(Stored items from a collection)
──────────────────────────────

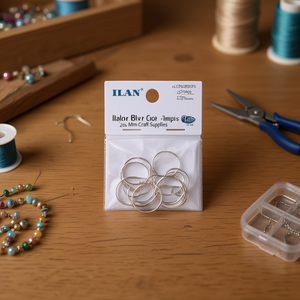 Anillos de Salto Ilan Color Plata 20mm 12 Piezas Suministros para Manualidades - Product Image 2
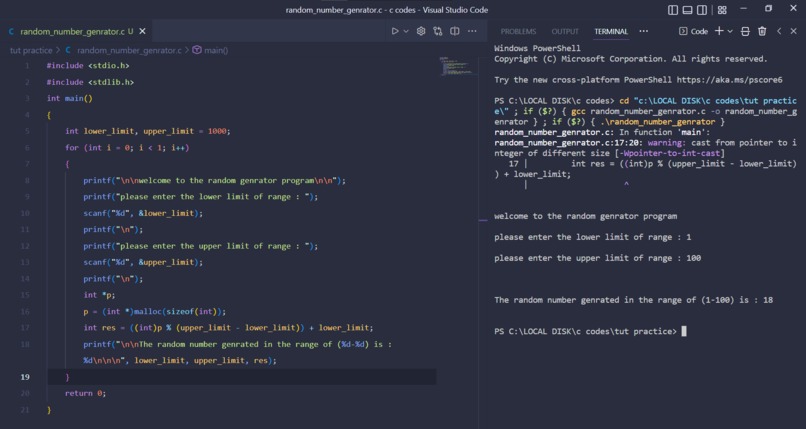 My own Random number generator  – screenshot 1
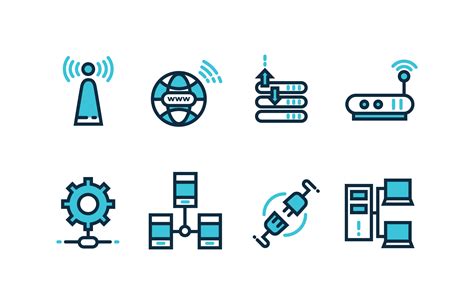 Network Icon Pack 167669 Vector Art At Vecteezy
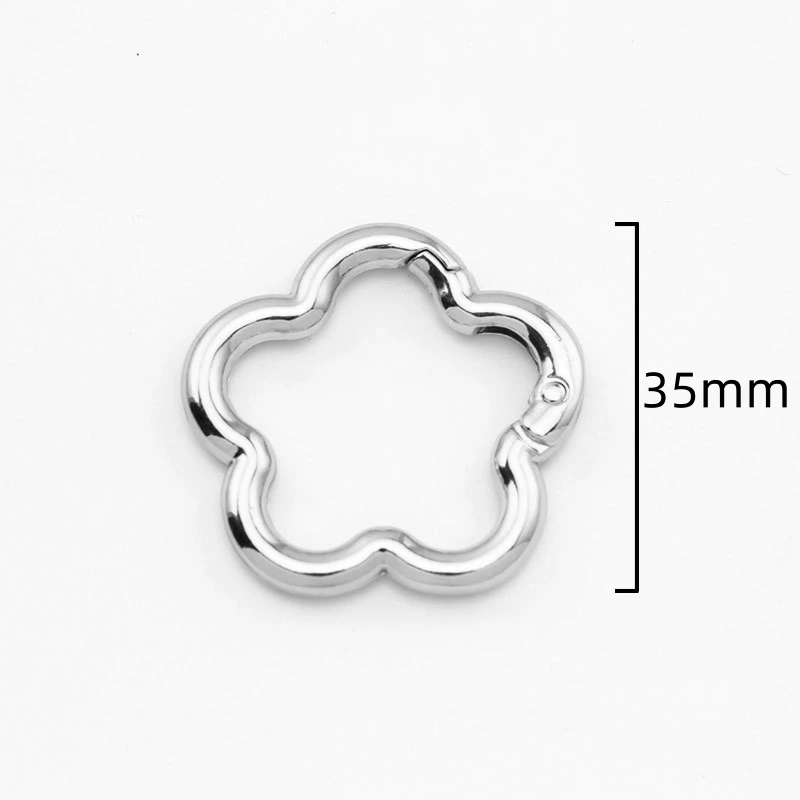5 stks Metalen Bloemvorm Sleutelhanger Sluiting Swivel Snap Sleutelhanger Bulk Bloesem Lente Snap Karabijn Haak voor Sleutelhanger Craft DIY - afbeelding 1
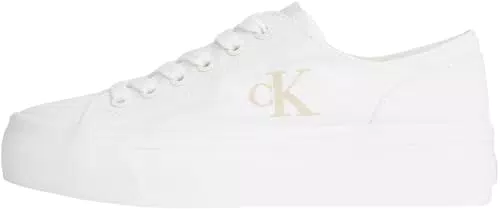 Calvin Klein Sneakers Donna Vulcanizzate Flatform Profilo Basso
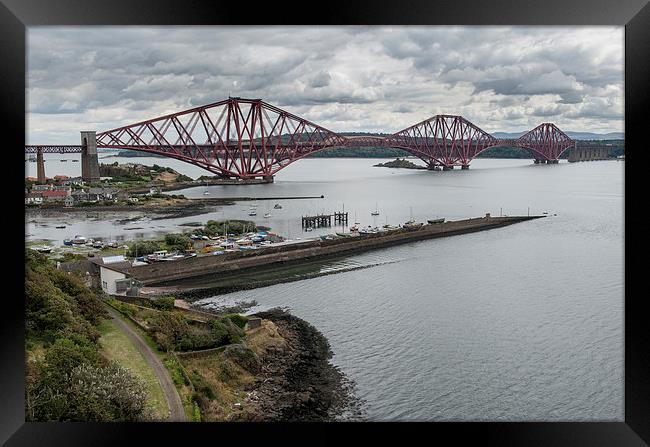 Forth Rail Bridge from North Queensferry Framed Print by Gary Eason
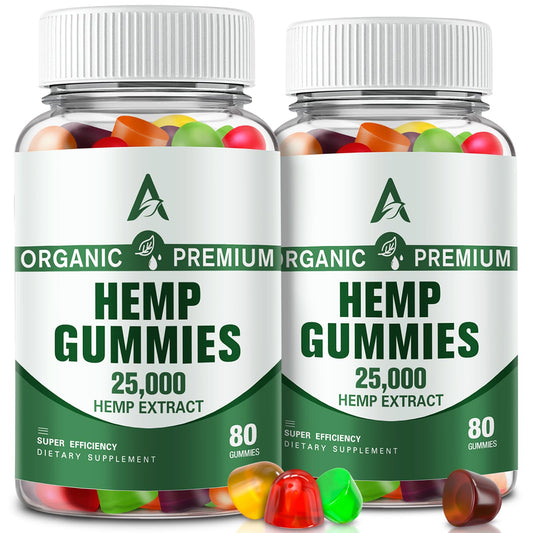 Two-pack bottle of Hemp Gummies High Potency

──────────────────────────────

▸ TRY IT: Every line above should be copied exactly; do not carry over the pictures.

▸ ANSWER SECTION:
 Anillos de Salto Ilan Color Plata 20mm 12 Piezas Suministros para Manualidades - Product Image 2
 My own Random number generator  – screenshot 1
 Network Icon Pack 167669 Vector Art At Vecteezy
5 stks Metalen Bloemvorm Sleutelhanger Sluiting Swivel Snap Sleutelhanger Bulk Bloesem Lente Snap Karabijn Haak voor Sleutelhanger Craft DIY - afbeelding 1
 Calvin Klein Sneakers Donna Vulcanizzate Flatform Profilo Basso
 Forth Rail Bridge from North Queensferry Framed Print by Gary Eason
 Two-pack bottle of Hemp Gummies High Potency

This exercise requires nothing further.